Als Ale­man­nia Aachen, ein in diesem Sinne für West-Ver­hält­nisse »zurück­ge­blieben­er« Club, im Jan­u­ar 2004 das erste Geis­ter­spiel des deutschen Lig­a­fußballs aus­richt­en musste (wegen Wur­fgeschossen gegen den Train­er des 1. FC Nürn­berg), reagierte der DFB in der Causa Asamoah nun auch im Osten gegen Hansa Ros­tock: ein Geis­ter­spiel für Hansas Oberli­ga-Mannschaft und immer­hin 20 000 Euro Strafe. 

Ein Zeichen dafür, dass man sich keinen weit­eren Imageschaden zufü­gen lassen will, nach­dem man die WM mit Hän­gen und Wür­gen ohne in größerem Umfang pub­lik gewor­dene Vor­fälle im Osten über die Bühne gebracht hat? Offen­sichtlich, denn plöt­zlich reagierte auch der NOFV und bestrafte den Oberligis­ten Hallesch­er FC. Dessen Anhänger hat­ten Ade­bowale Ogung­bu­re vom FC Sach­sen Leipzig am 25. März bespuckt und tätlich ange­grif­f­en, nach­dem dieser, als Reak­tion auf ständi­ge Belei­di­gun­gen, den Hit­ler­gruß ent­boten hat­te.
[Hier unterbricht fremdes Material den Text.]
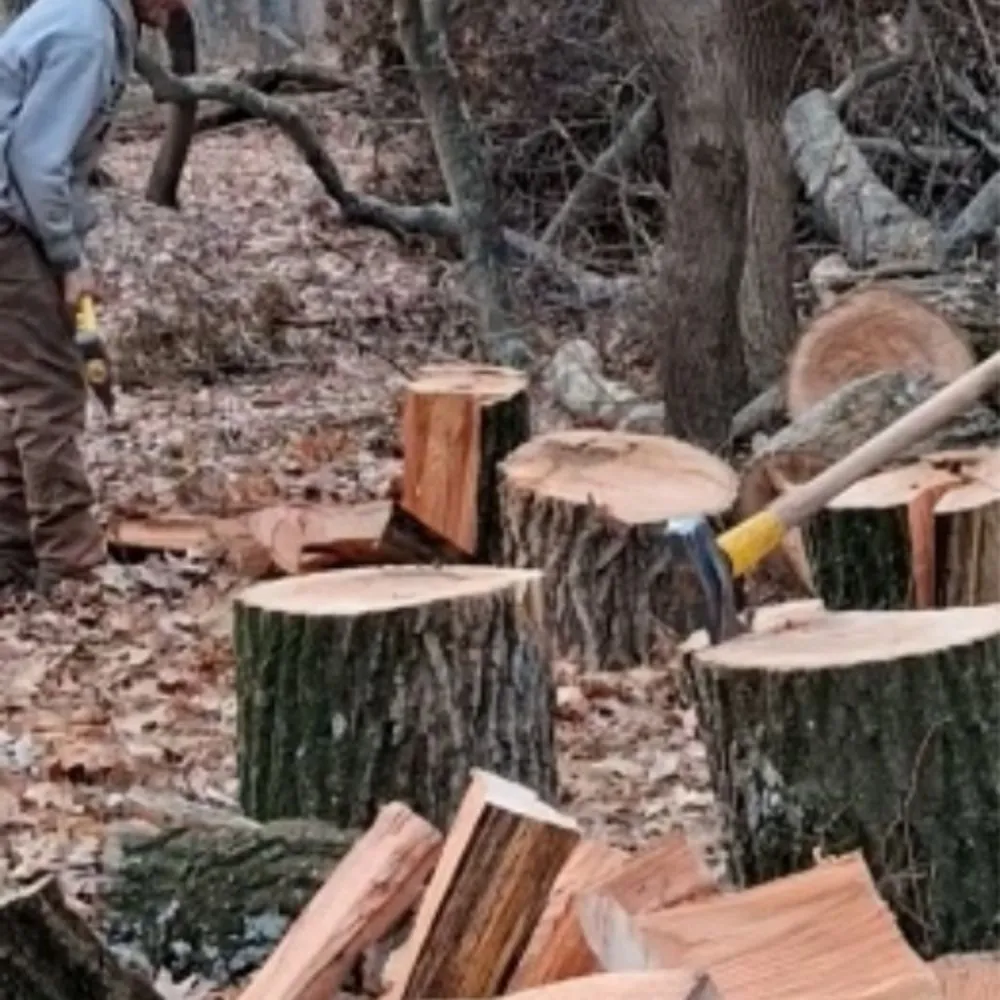 Professional lawn care service near you across Knox, IN - The Tree Guy 4 Hire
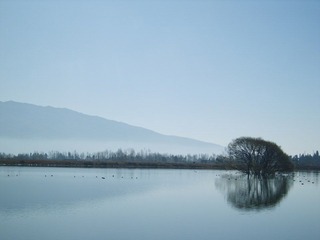 S8002025.JPG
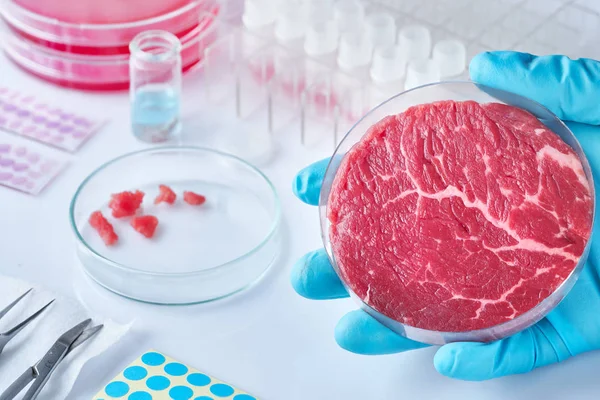 Köttprov Öppen Disponibel Plast Cellkultur Skålen Moderna Laboratorium Eller Produktionsanläggning — Stockfoto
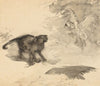 The Parrot and the Cat (Sketch for ‘Good-Night’ by Eleanor Gates)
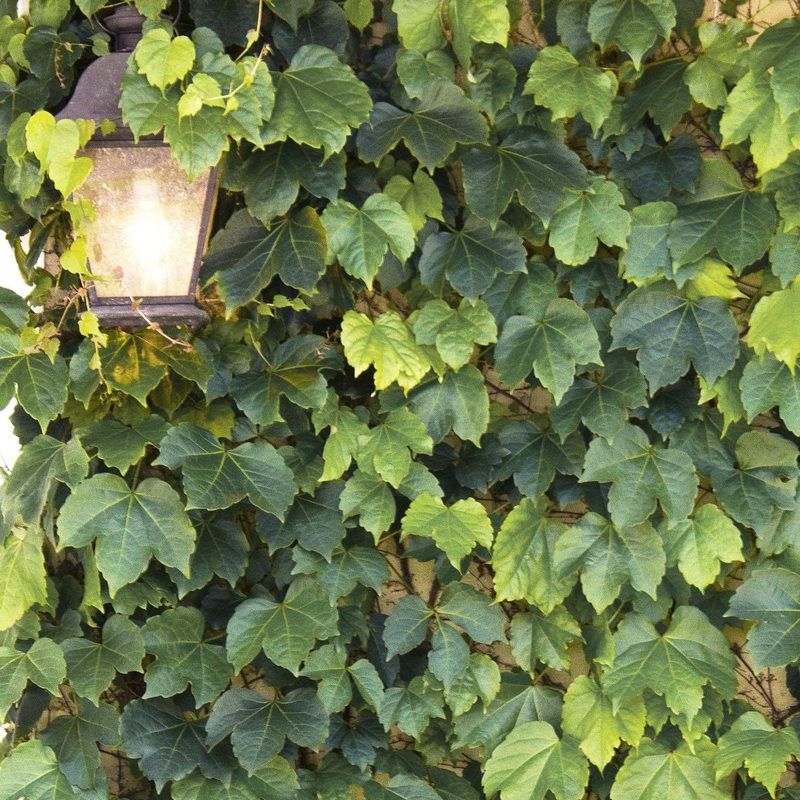 Parthenocissus ‘Green Showers’ – Green Showers Boston Ivy – 5 Gallon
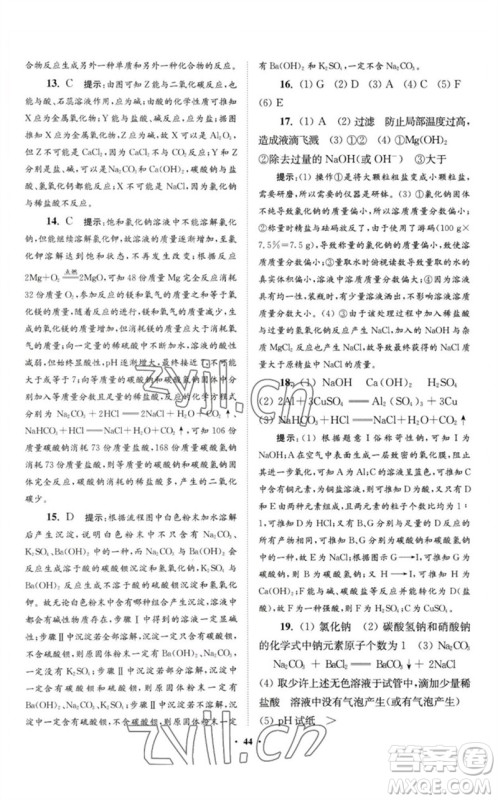 江苏凤凰科学技术出版社2023初中化学小题狂做九年级下册人教版提优版参考答案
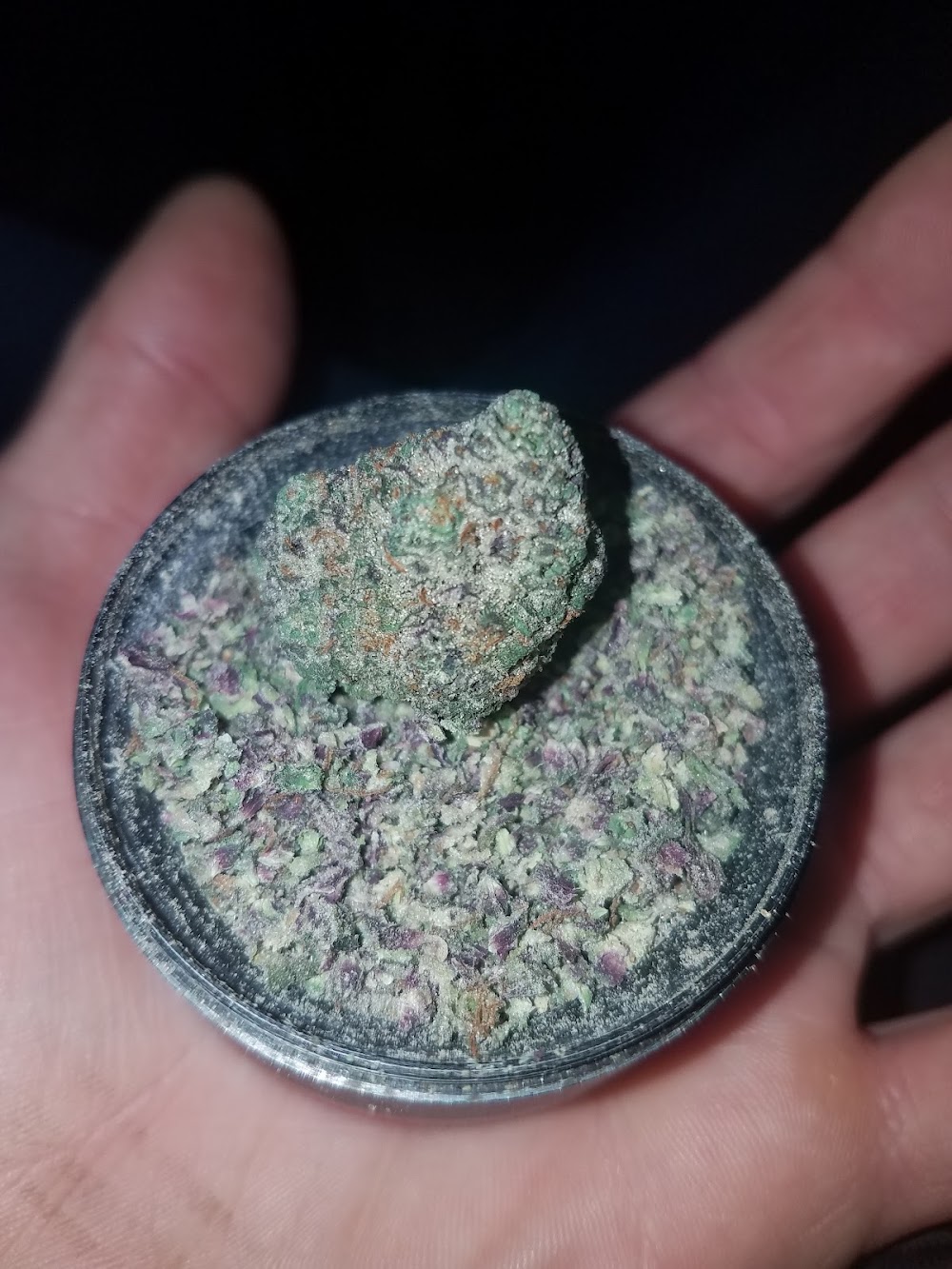 Sanctuary Medicinals photo 3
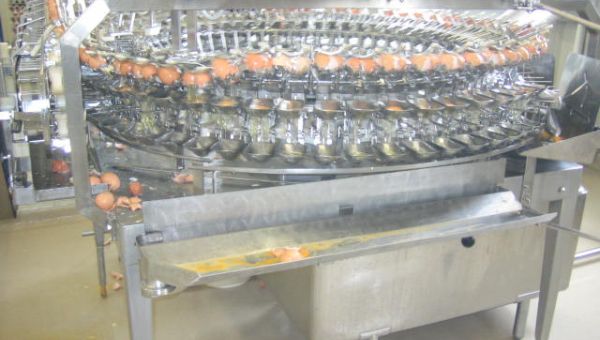 SANOVO_egg_breaking_and_separating_machine-6909.jpg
Als der HFC-Block ihn am 1. Okto­ber in Leipzig erneut mit Affengeschrei belei­digte, wurde der Vere­in zu 2 000 Euro Geld­strafe und einem Geis­ter­spiel verurteilt. 

Brisant an dem Urteil ist vor allem eine Klausel, die dem Vere­in Maß­nah­men zur Ver­hin­derung solch­er Vor­fälle aufer­legt: Im Wieder­hol­ungs­falle dro­hen wirk­lich empfind­liche Strafen. Die HFC-Führung klagt derzeit auf Revi­sion dieser Pas­sage des Urteils, weil sie ganz genau um die neon­azis­tis­che Gesin­nung­shege­monie unter den Vere­in­san­hängern weiß, und damit um die Unver­mei­dlichkeit kün­ftiger Strafen. 

Oder wie es der Fan-Beauf­tragte Peter Patan aus­drückt: »Nach zwei, drei Bier gibt es immer mal jeman­den, der sich nicht im Zaum hat.« Um diese Klage allerd­ings scheint es nicht gut bestellt zu sein, denn am Dien­stag voriger Woche kündigten der HFC-Präsi­dent, der Schatzmeis­ter und der Wirtschafts­beirat ihren Rück­zug an. Den Halleschen FC scheint über kurz oder lang der finanzielle Kol­laps zu ereilen. 

Einen anderen ehe­ma­li­gen DDR-Spitzen­club mit einem eben­falls redlich erwor­be­nen schlecht­en Ruf als recht­sradikaler Vorzeige­club hat dieses Schick­sal bere­its im Früh­jahr 2004 ereilt: Loko­mo­tive Leipzig stürzte in die Kreis­li­ga ab. Trau­rig muss man darüber wahrlich nicht sein.